Co-living spaces are a modern form of communal living where people get well-furnished private rooms with attached bathrooms while they share common. They are more popular in areas where students and working professionals migrate. Such places are affordable and flexible as various amenities are available.
But students or working professionals who move out of such co-living spaces are struggling to get their security deposits back. According to residents, co-living spaces take a security deposit between Rs.22,000 to Rs.25,000 while moving in but refuse to pay the full amount back or do not pay the money at all.
Manvi Jauhari, a 23-year-old working professional with a media firm, shared her experience with a co-living space called FF21. “It is pretty misleading. They take an unreasonably high amount of deposit and they do not give it back despite saying that they will do it. As per the agreement they said they will give it in a bit.
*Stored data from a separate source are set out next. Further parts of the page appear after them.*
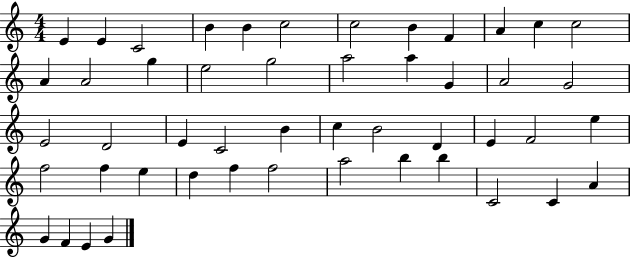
E4/q E4/q C4/h B4/q B4/q C5/h C5/h B4/q F4/q A4/q C5/q C5/h A4/q A4/h G5/q E5/h G5/h A5/h A5/q G4/q A4/h G4/h E4/h D4/h E4/q C4/h B4/q C5/q B4/h D4/q E4/q F4/h E5/q F5/h F5/q E5/q D5/q F5/q F5/h A5/h B5/q B5/q C4/h C4/q A4/q G4/q F4/q E4/q G4/q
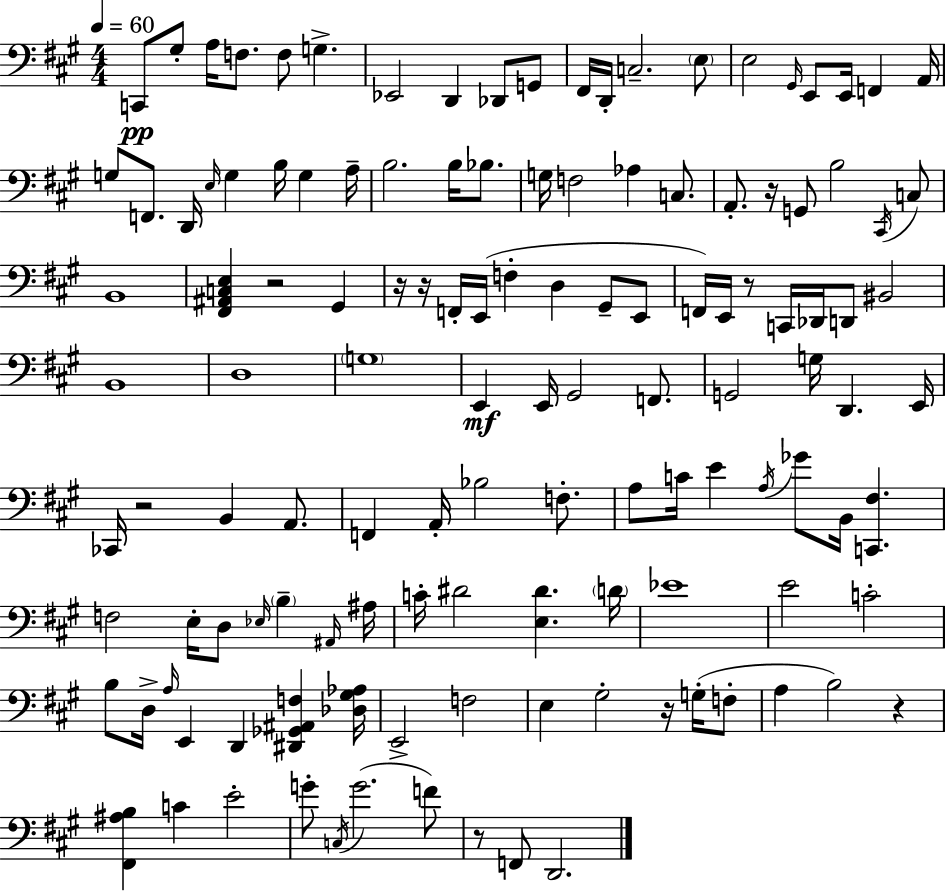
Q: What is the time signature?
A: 4/4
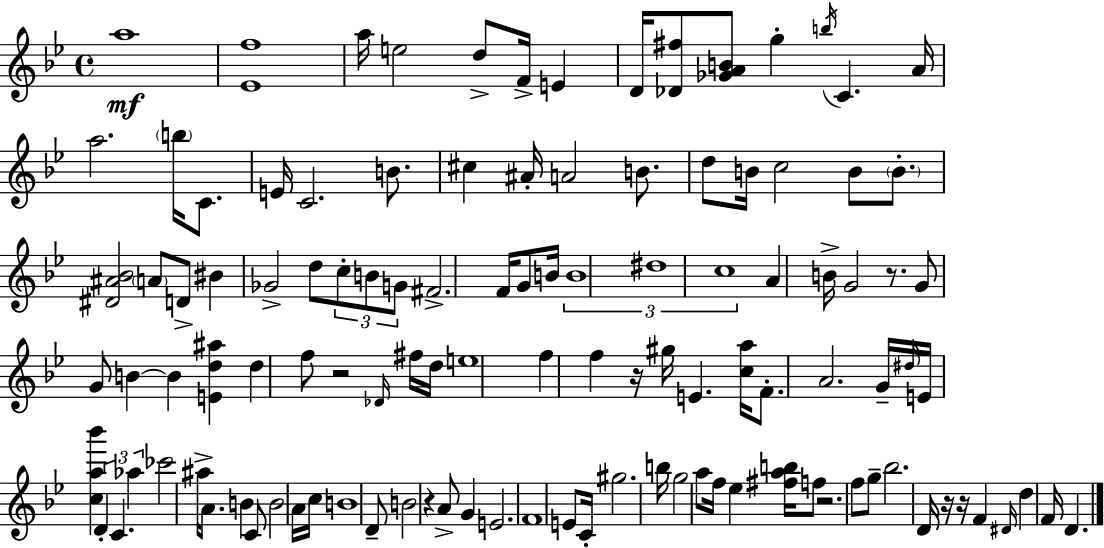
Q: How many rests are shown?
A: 7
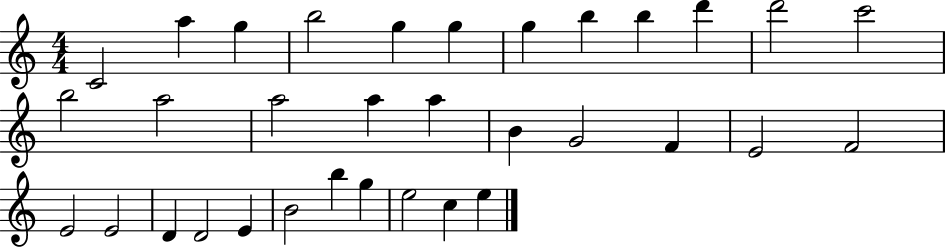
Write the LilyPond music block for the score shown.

{
  \clef treble
  \numericTimeSignature
  \time 4/4
  \key c \major
  c'2 a''4 g''4 | b''2 g''4 g''4 | g''4 b''4 b''4 d'''4 | d'''2 c'''2 | \break b''2 a''2 | a''2 a''4 a''4 | b'4 g'2 f'4 | e'2 f'2 | \break e'2 e'2 | d'4 d'2 e'4 | b'2 b''4 g''4 | e''2 c''4 e''4 | \break \bar "|."
}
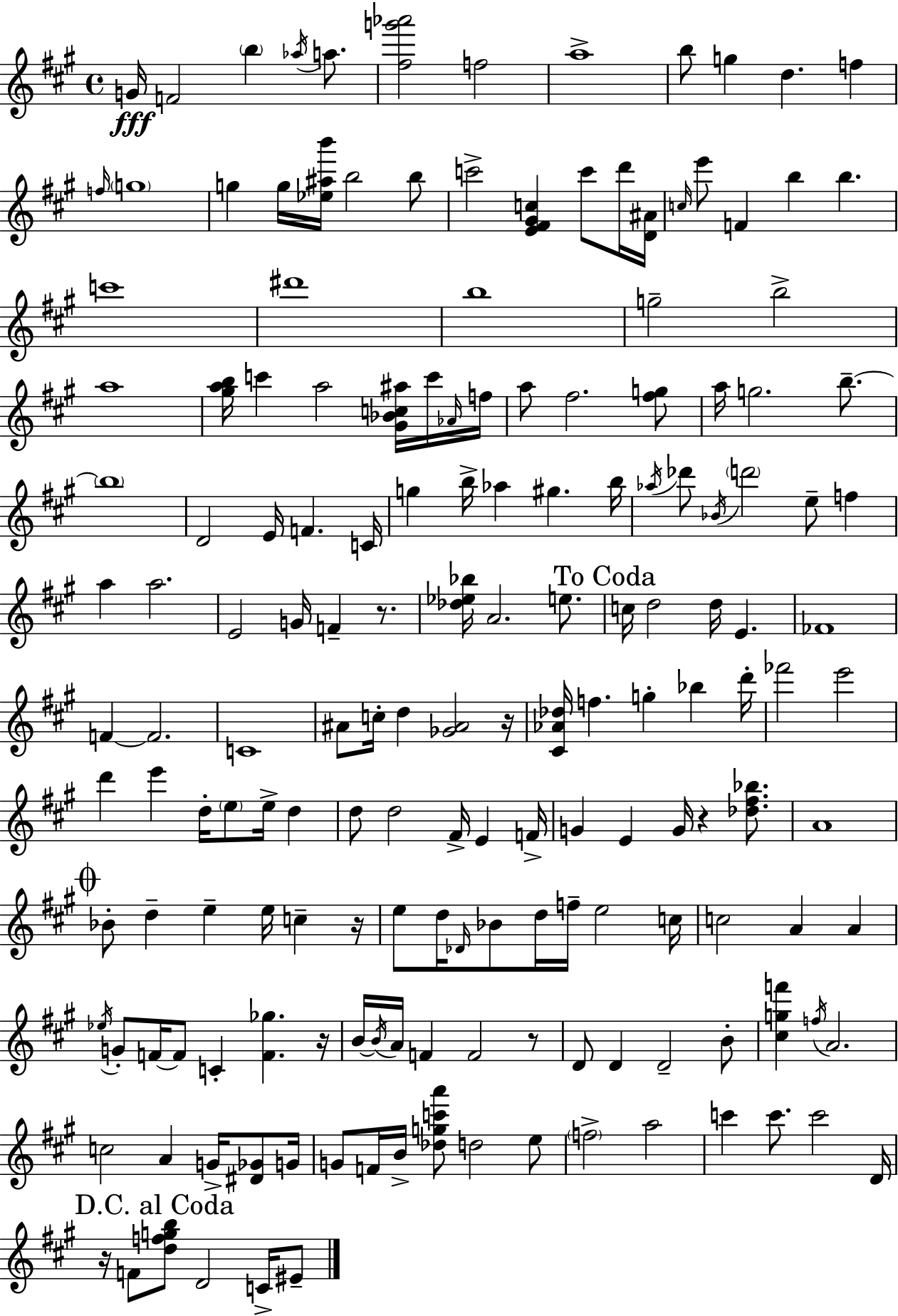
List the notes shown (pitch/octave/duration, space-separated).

G4/s F4/h B5/q Ab5/s A5/e. [F#5,G6,Ab6]/h F5/h A5/w B5/e G5/q D5/q. F5/q F5/s G5/w G5/q G5/s [Eb5,A#5,B6]/s B5/h B5/e C6/h [E4,F#4,G#4,C5]/q C6/e D6/s [D4,A#4]/s C5/s E6/e F4/q B5/q B5/q. C6/w D#6/w B5/w G5/h B5/h A5/w [G#5,A5,B5]/s C6/q A5/h [G#4,Bb4,C5,A#5]/s C6/s Ab4/s F5/s A5/e F#5/h. [F#5,G5]/e A5/s G5/h. B5/e. B5/w D4/h E4/s F4/q. C4/s G5/q B5/s Ab5/q G#5/q. B5/s Ab5/s Db6/e Bb4/s D6/h E5/e F5/q A5/q A5/h. E4/h G4/s F4/q R/e. [Db5,Eb5,Bb5]/s A4/h. E5/e. C5/s D5/h D5/s E4/q. FES4/w F4/q F4/h. C4/w A#4/e C5/s D5/q [Gb4,A#4]/h R/s [C#4,Ab4,Db5]/s F5/q. G5/q Bb5/q D6/s FES6/h E6/h D6/q E6/q D5/s E5/e E5/s D5/q D5/e D5/h F#4/s E4/q F4/s G4/q E4/q G4/s R/q [Db5,F#5,Bb5]/e. A4/w Bb4/e D5/q E5/q E5/s C5/q R/s E5/e D5/s Db4/s Bb4/e D5/s F5/s E5/h C5/s C5/h A4/q A4/q Eb5/s G4/e F4/s F4/e C4/q [F4,Gb5]/q. R/s B4/s B4/s A4/s F4/q F4/h R/e D4/e D4/q D4/h B4/e [C#5,G5,F6]/q F5/s A4/h. C5/h A4/q G4/s [D#4,Gb4]/e G4/s G4/e F4/s B4/s [Db5,G5,C6,A6]/e D5/h E5/e F5/h A5/h C6/q C6/e. C6/h D4/s R/s F4/e [D5,F5,G5,B5]/e D4/h C4/s EIS4/e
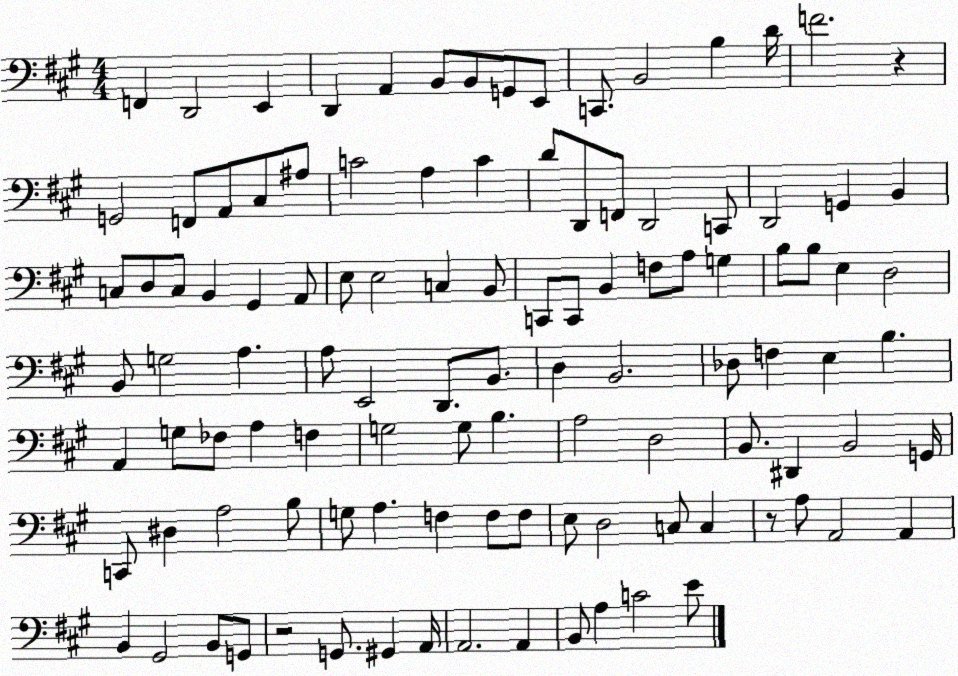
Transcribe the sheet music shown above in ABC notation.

X:1
T:Untitled
M:4/4
L:1/4
K:A
F,, D,,2 E,, D,, A,, B,,/2 B,,/2 G,,/2 E,,/2 C,,/2 B,,2 B, D/4 F2 z G,,2 F,,/2 A,,/2 ^C,/2 ^A,/2 C2 A, C D/2 D,,/2 F,,/2 D,,2 C,,/2 D,,2 G,, B,, C,/2 D,/2 C,/2 B,, ^G,, A,,/2 E,/2 E,2 C, B,,/2 C,,/2 C,,/2 B,, F,/2 A,/2 G, B,/2 B,/2 E, D,2 B,,/2 G,2 A, A,/2 E,,2 D,,/2 B,,/2 D, B,,2 _D,/2 F, E, B, A,, G,/2 _F,/2 A, F, G,2 G,/2 B, A,2 D,2 B,,/2 ^D,, B,,2 G,,/4 C,,/2 ^D, A,2 B,/2 G,/2 A, F, F,/2 F,/2 E,/2 D,2 C,/2 C, z/2 A,/2 A,,2 A,, B,, ^G,,2 B,,/2 G,,/2 z2 G,,/2 ^G,, A,,/4 A,,2 A,, B,,/2 A, C2 E/2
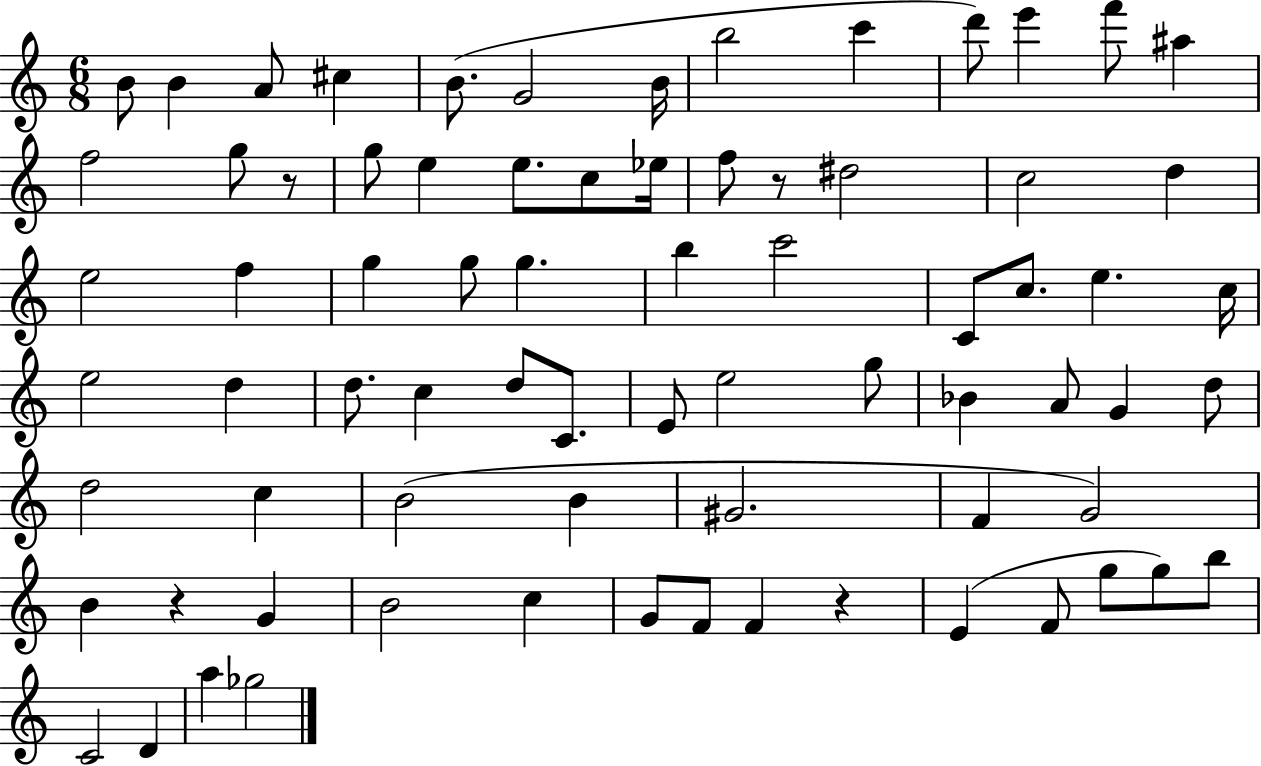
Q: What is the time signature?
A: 6/8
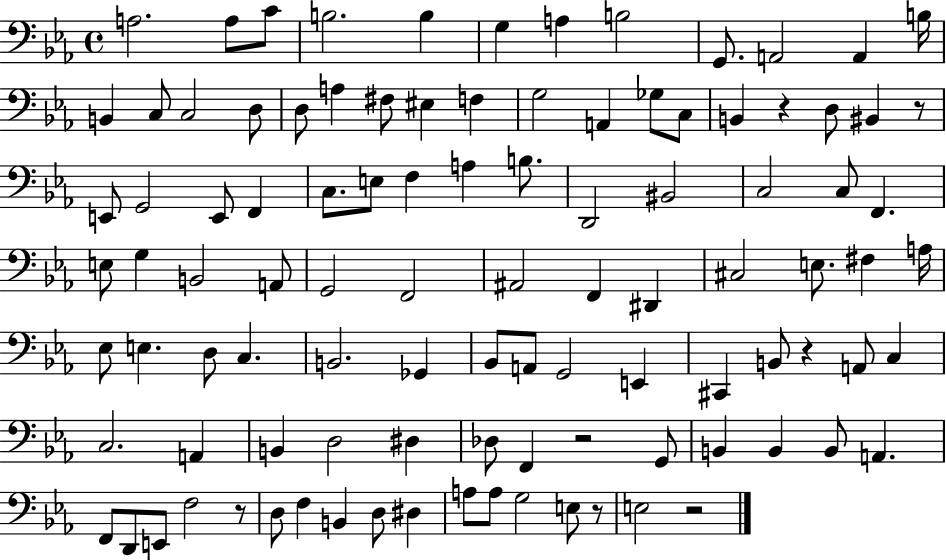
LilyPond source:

{
  \clef bass
  \time 4/4
  \defaultTimeSignature
  \key ees \major
  \repeat volta 2 { a2. a8 c'8 | b2. b4 | g4 a4 b2 | g,8. a,2 a,4 b16 | \break b,4 c8 c2 d8 | d8 a4 fis8 eis4 f4 | g2 a,4 ges8 c8 | b,4 r4 d8 bis,4 r8 | \break e,8 g,2 e,8 f,4 | c8. e8 f4 a4 b8. | d,2 bis,2 | c2 c8 f,4. | \break e8 g4 b,2 a,8 | g,2 f,2 | ais,2 f,4 dis,4 | cis2 e8. fis4 a16 | \break ees8 e4. d8 c4. | b,2. ges,4 | bes,8 a,8 g,2 e,4 | cis,4 b,8 r4 a,8 c4 | \break c2. a,4 | b,4 d2 dis4 | des8 f,4 r2 g,8 | b,4 b,4 b,8 a,4. | \break f,8 d,8 e,8 f2 r8 | d8 f4 b,4 d8 dis4 | a8 a8 g2 e8 r8 | e2 r2 | \break } \bar "|."
}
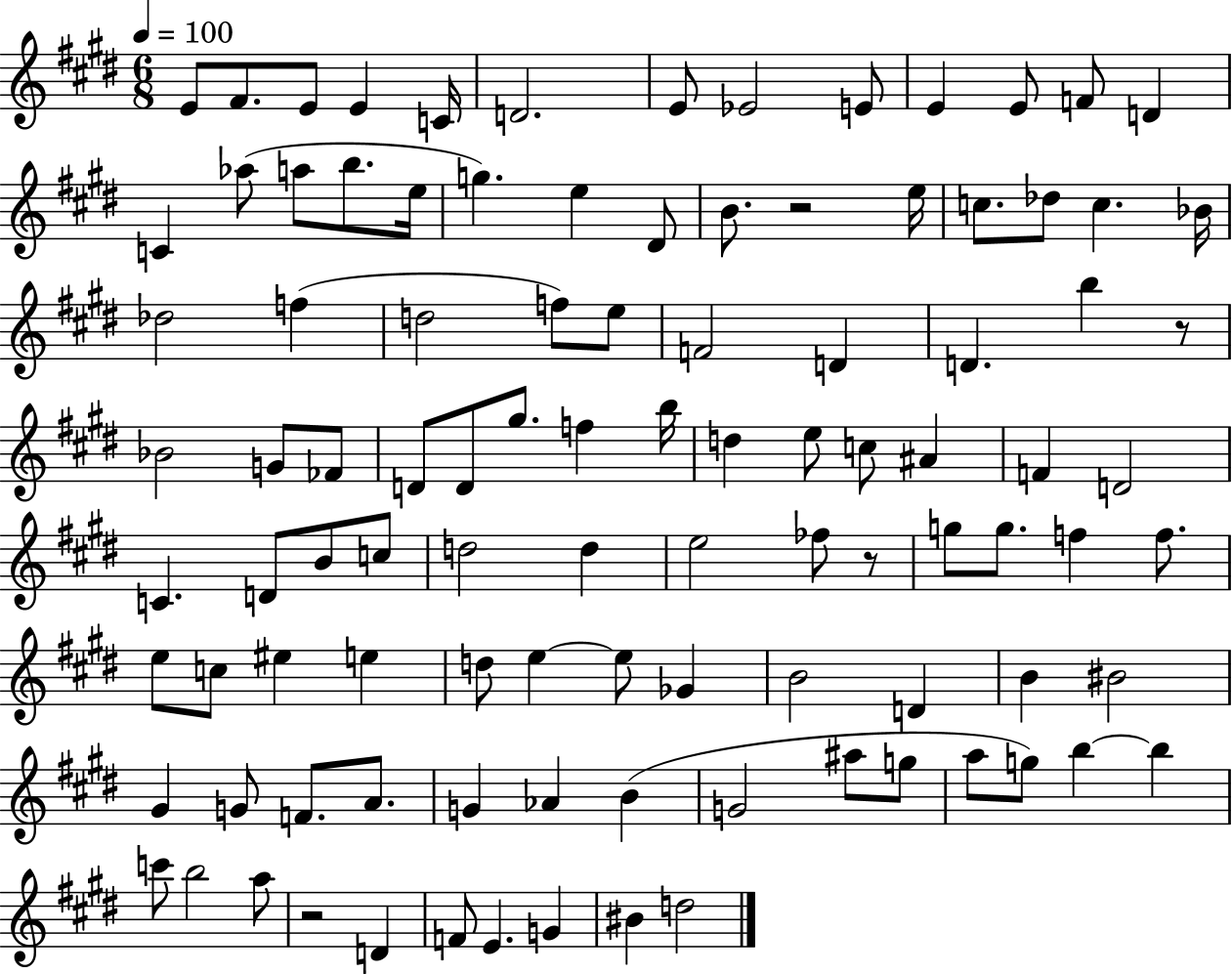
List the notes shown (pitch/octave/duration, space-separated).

E4/e F#4/e. E4/e E4/q C4/s D4/h. E4/e Eb4/h E4/e E4/q E4/e F4/e D4/q C4/q Ab5/e A5/e B5/e. E5/s G5/q. E5/q D#4/e B4/e. R/h E5/s C5/e. Db5/e C5/q. Bb4/s Db5/h F5/q D5/h F5/e E5/e F4/h D4/q D4/q. B5/q R/e Bb4/h G4/e FES4/e D4/e D4/e G#5/e. F5/q B5/s D5/q E5/e C5/e A#4/q F4/q D4/h C4/q. D4/e B4/e C5/e D5/h D5/q E5/h FES5/e R/e G5/e G5/e. F5/q F5/e. E5/e C5/e EIS5/q E5/q D5/e E5/q E5/e Gb4/q B4/h D4/q B4/q BIS4/h G#4/q G4/e F4/e. A4/e. G4/q Ab4/q B4/q G4/h A#5/e G5/e A5/e G5/e B5/q B5/q C6/e B5/h A5/e R/h D4/q F4/e E4/q. G4/q BIS4/q D5/h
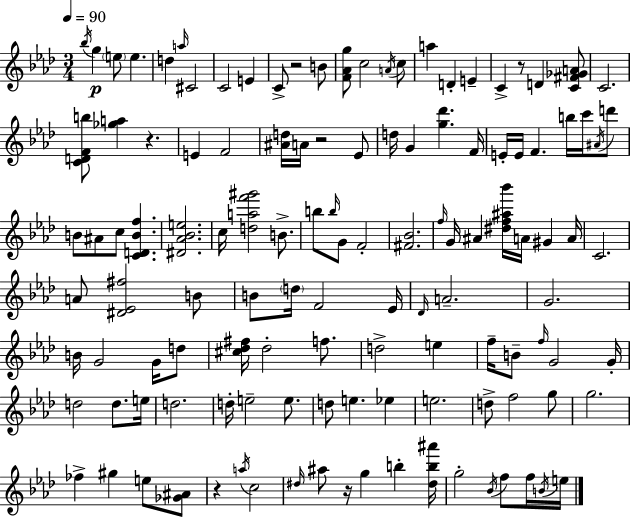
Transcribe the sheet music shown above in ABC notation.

X:1
T:Untitled
M:3/4
L:1/4
K:Fm
_b/4 g e/2 e d a/4 ^C2 C2 E C/2 z2 B/2 [F_Ag]/2 c2 A/4 c/2 a D E C z/2 D [C^F_GA]/2 C2 [CDFb]/2 [_ga] z E F2 [^Ad]/4 A/4 z2 _E/2 d/4 G [g_d'] F/4 E/4 E/4 F b/4 c'/4 ^A/4 d'/2 B/2 ^A/2 c/2 [CDBf] [^D_A_Be]2 c/4 [daf'^g']2 B/2 b/2 b/4 G/2 F2 [^F_B]2 f/4 G/4 ^A [^df^a_b']/4 A/4 ^G A/4 C2 A/2 [^D_E^f]2 B/2 B/2 d/4 F2 _E/4 _D/4 A2 G2 B/4 G2 G/4 d/2 [^c_d^f]/4 _d2 f/2 d2 e f/4 B/2 f/4 G2 G/4 d2 d/2 e/4 d2 d/4 e2 e/2 d/2 e _e e2 d/2 f2 g/2 g2 _f ^g e/2 [_G^A]/2 z a/4 c2 ^d/4 ^a/2 z/4 g b [^db^a']/4 g2 _B/4 f/2 f/4 B/4 e/4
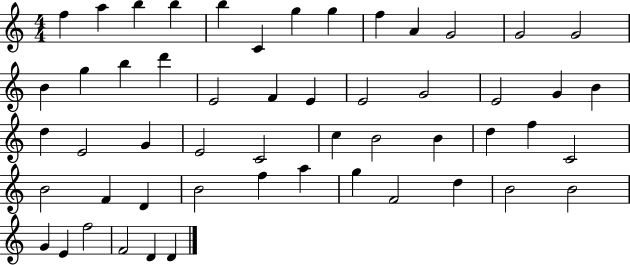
F5/q A5/q B5/q B5/q B5/q C4/q G5/q G5/q F5/q A4/q G4/h G4/h G4/h B4/q G5/q B5/q D6/q E4/h F4/q E4/q E4/h G4/h E4/h G4/q B4/q D5/q E4/h G4/q E4/h C4/h C5/q B4/h B4/q D5/q F5/q C4/h B4/h F4/q D4/q B4/h F5/q A5/q G5/q F4/h D5/q B4/h B4/h G4/q E4/q F5/h F4/h D4/q D4/q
But it’s been five months now but they haven’t.”
She also said that after a certain period the people at the sales department stopped answering her calls or replying to her mails. Manvi is still waiting to get her Rs. 12,500 deposit back.
According to the reviews on various platforms, the customers are happy with the amenities and facilities that these spaces provide. But when it comes to the refunding process, the reviews are not as good.
“We follow the agreement process thoroughly. We are doing business here and we are not running away with the people’s money. If the people complete the notice period then we will give back the money and it is also mentioned in the agreement. But people sometimes, leave the place before completing the notice period and expect us to give the full amount,” says Vaibhav Vyas, the sales and marketing head of Colive.
The police, who is the regular mediator of such, said that they do not file FIRs in such cases as it is a non-cognizable offence. According to the police, even though few FIRs were filed, they have visited co-living spaces a lot during the lockdown to sort out disputes.
Chitra, a property lawyer says, “It is very important to have proper agreement contract between the tenant and the owner. All the clauses should be mentioned in the agreement. Such cases are not criminal cases and hence, police can’t take any action. A lawsuit has to be filed and then the procedure begins.”
According to the statistics of the Karnataka State Consumer Disputes Redressal Commission Bangalore, every month, around 7000 cases are filed in the consumer court against property owners. During the lockdown, the number of cases to do with housing had gone up because many tenants and paying guests went back to their home towns and the owners kept on asking for the rents. Because the tenants were being troubled by the owners, the government asked the courts to consider all such cases under the National Disaster Management Act of 2005.